Monday, May 16, 2011

Regex not so Regular?

A couple of days ago, on the VWNC mailing list, there was a discussion about the Regex11 package. Regex11 was originally written by Vassili Bykov as a Regex library for Smalltalk. It's actually been around a while and served the Smalltalk community pretty well, I think, in part due to Vassili's excellent coding abilities.

I think it's really cool that someone can sit down and write a complete Regex implementation in Smalltalk. This is part of the Smalltalk ethos. Being able to invent your own future. Write your own software, in any area you like. On the other hand, as I read the comments, I found myself wondering, "it's great that you can do this, but does that mean you should?" Of course, the answer varies. It depends on what your goals are. A certain part of me feels that I don't really want to care this much about how the implementation works. Isn't Regex one of those things that's grown up enough now, that we can just use off-the-shelf services provided by the host platforms? If we just reuse those, we might get some speed (benefits of thousands of code monkeys tuning and tweaking them over the years), and some standardization.

So I went on a little journey. Read on if what I discovered is of interest...

The Package

I put my work in a package called ExRegex. As in "External Regex", using the ExternalInterface features of VisualWorks to bind to an outside-of-smalltalk shared library. Plus I just liked the way ExRegex looked almost palindromic. And I made a Test package called ExRegex-Tests. No surprises here, pretty standard operating procedure.

I only began to implement the substitution stuff; for now, it's just good for matching. One thing I did do differently than Regex11 was employ a symmetric pair of binary selectors for doing Regex matches.
    '(a|b)c' ?= 'ac' --> true
'Travis' =? '(Senior|Griggs)' --> false


The ? character always leans towards the side with the regex pattern.

The Tests

I stole the tests from the Regex11-Testing package. I made my own SUnitToo copy of it. I soon found I wasn't satisfied with them. The original tests have a single test method. But said method fetches a clauseArray which is a series of inputs, and expected outputs. There's 3 or 4 relatively involved methods between the loop in the single test method and actually executing a single regex match.

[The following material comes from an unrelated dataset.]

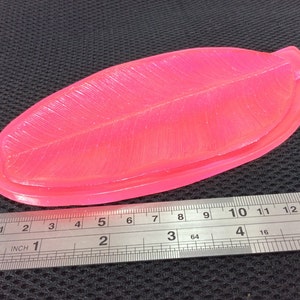 May include: A bright pink silicone mold shaped like a banana leaf. The mold is approximately 7 inches long and 2 inches wide.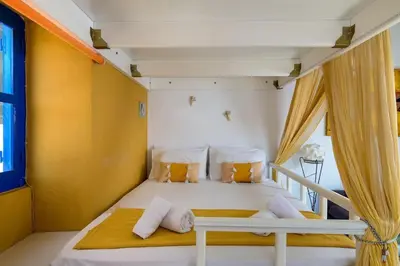 a white bed in a room with a window at Yellow Oasis traditional home with sea view in Halki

What this means, is that when you get a failure, you don't know much. First you have to dig through the little framework of interpreting the clauseArray. When I'm trying to understand how someone's Regex framework works, I don't want to understand how their Regex test framework works as well. I just want to see very simple lines of code, the kind I would put in a workspace.

Secondly, as soon, as you hit a failure, you're done. The clauseArray has 137 entries in it. So if it fails for any reason (error or assertion failure) on test number 22... you have no idea how the others work. Is it just this one test? Or do others fail too? Is there a common pattern amongst the failures?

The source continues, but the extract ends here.